DATA EXCERPT
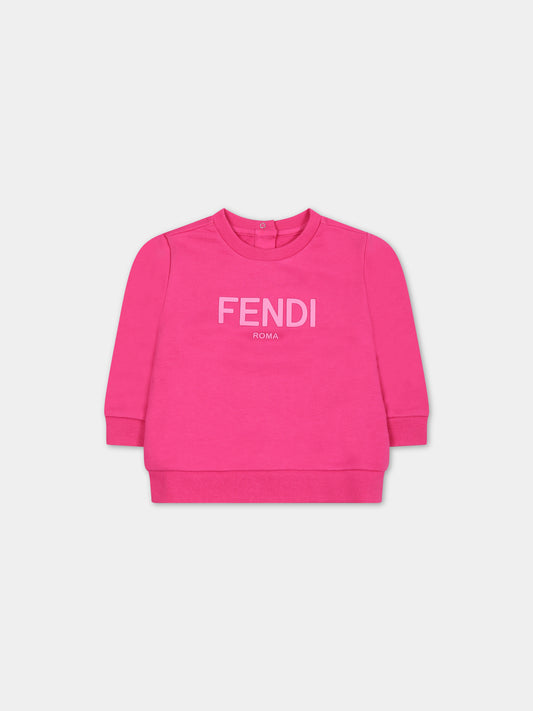Felpa fucsia per neonata con logo,Fendi Kids,BUH054 5V0 F14S8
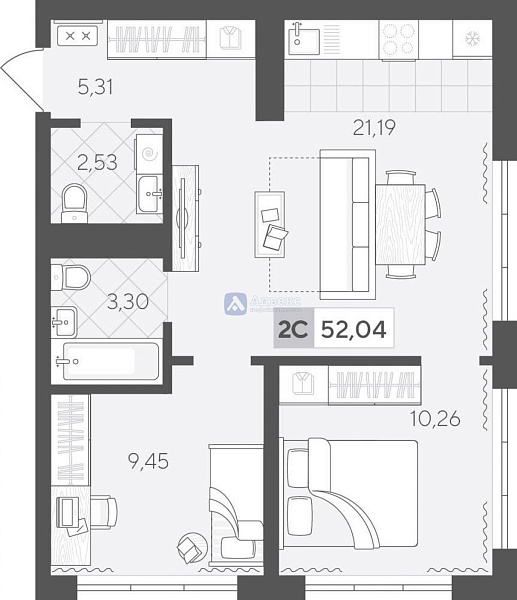 2-к квартира в новостройке, 52 кв.м.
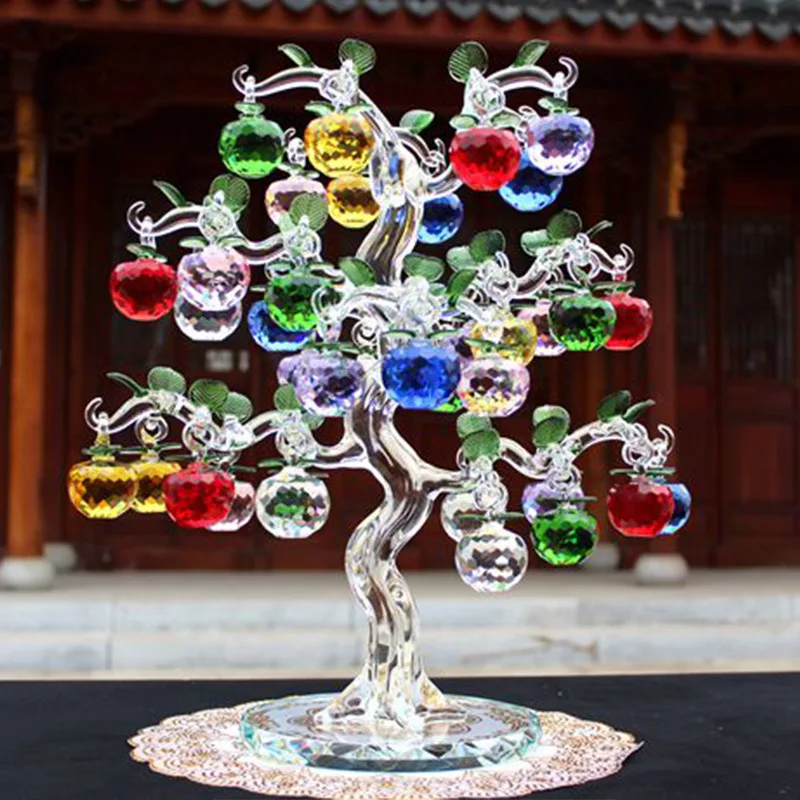 Beautiful Glass Crystal Apples Tree with 36 pcs Apples Fengshui Crafts Chirstmas Tree Hanging Ornament Housewarming Gifts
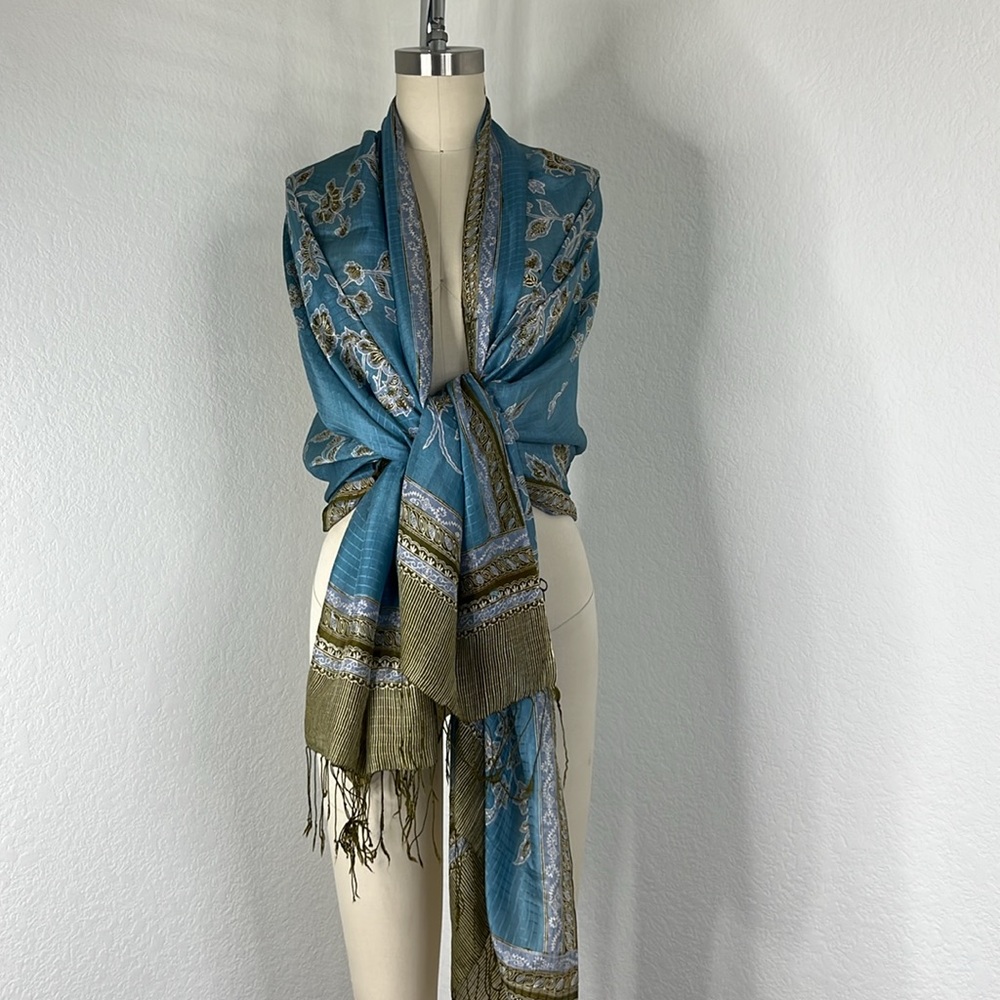 Fringe Bordered Blue and Gold Floral Shawl Scarf Wrap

TASK TO CARRY OUT
Beginning at the line containing "Beautiful Glass Crystal", restate every line through the end of the material above exactly; omit the pictures.

ANSWER BELOW
 Beautiful Glass Crystal Apples Tree with 36 pcs Apples Fengshui Crafts Chirstmas Tree Hanging Ornament Housewarming Gifts
 Fringe Bordered Blue and Gold Floral Shawl Scarf Wrap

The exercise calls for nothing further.